Data parallelism is the most popular parallel architecture to accelerate deep learning with large datasets. The first algorithm we support is based on the synchronous SGD method, and partitions the dataset among workers where each worker executes the same neural network model. For every iteration, nGraph backend computes the gradients in back-propagation, aggregates the gradients across all workers, and then update the weights.
How? (Generic frameworks)¶
To synchronize gradients across all workers, the essential operation for data
parallel training, due to its simplicity and scalability over parameter servers,
allreduce. The AllReduce op is one of the nGraph Library’s core ops. To
enable gradient synchronization for a network, we simply inject the AllReduce op
into the computation graph, connecting the graph for the autodiff computation
and optimizer update (which then becomes part of the nGraph graph). The
nGraph Backend will handle the rest.
Data scientists with locally-scalable rack or cloud-based resources will likely find it worthwhile to experiment with different modes or variations of distributed training. Deployments using nGraph Library with supported backends can be configured to train with data parallelism and will soon work with model parallelism. Distributing workloads is increasingly important, as more data and bigger models mean the ability to Train using multiple nGraph CPU backends with data parallel work with larger and larger datasets, or to work with models having many layers that aren’t designed to fit to a single device.
Distributed training with data parallelism splits the data and each worker node has the same model; during each iteration, the gradients are aggregated across all workers with an op that performs “allreduce”, and applied to update the weights.
Using multiple machines helps to scale and speed up deep learning. With large mini-batch training, one could train ResNet-50 with Imagenet-1k data to the Top 5 classifier in minutes using thousands of CPU nodes.

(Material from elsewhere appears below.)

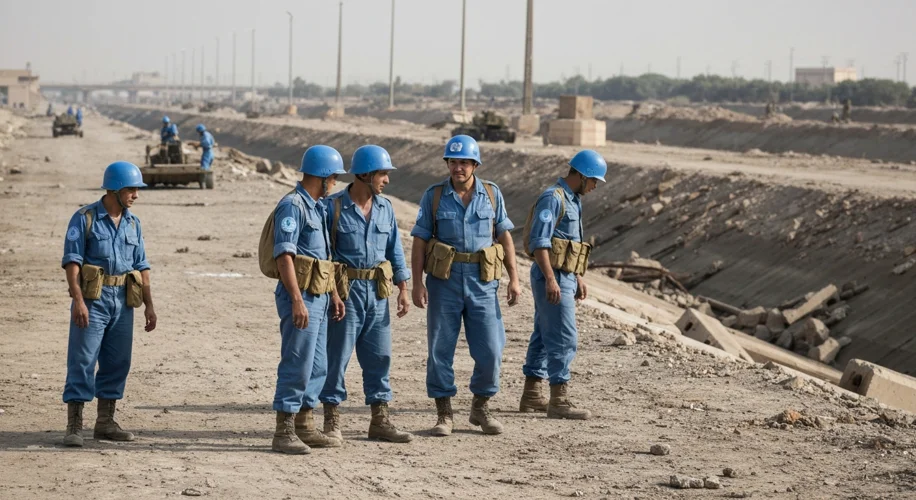 United Nations peacekeeping soldiers patrolling the Suez Canal area after the 1956 crisis, symbolizi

See arxiv.org/abs/1709.05011.
We implemented a KVStore in MXNet* (KVStore is unique to MXNet) to modify the SGD update op so the nGraph graph will contain the allreduce op and generate corresponding collective communication kernels for different backends. We are using Intel MLSL for CPU backends.
The figure below shows a bar chart with preliminary results from a Resnet-50 I1K training in MXNet 1, 2, 4, (and 8 if available) nodes, x-axis is the number of nodes while y-axis is the throughput (images/sec).
We plan to support the same in nGraph-TensorFlow. It is still work in progress. Meanwhile, users could still use Horovod and the current nGraph TensorFlow, where allreduce op is placed on CPU instead of on nGraph device. Figure: a bar chart shows preliminary results Resnet-50 I1K training in TF 1, 2, 4, (and 8 if available) nodes, x-axis is the number of nodes while y-axis is the throughput (images/sec).
Model parallelism with more communication ops support is in the works. For more general parallelism, such as model parallel, we plan to add more communication collective ops such as allgather, scatter, gather, etc. in the future.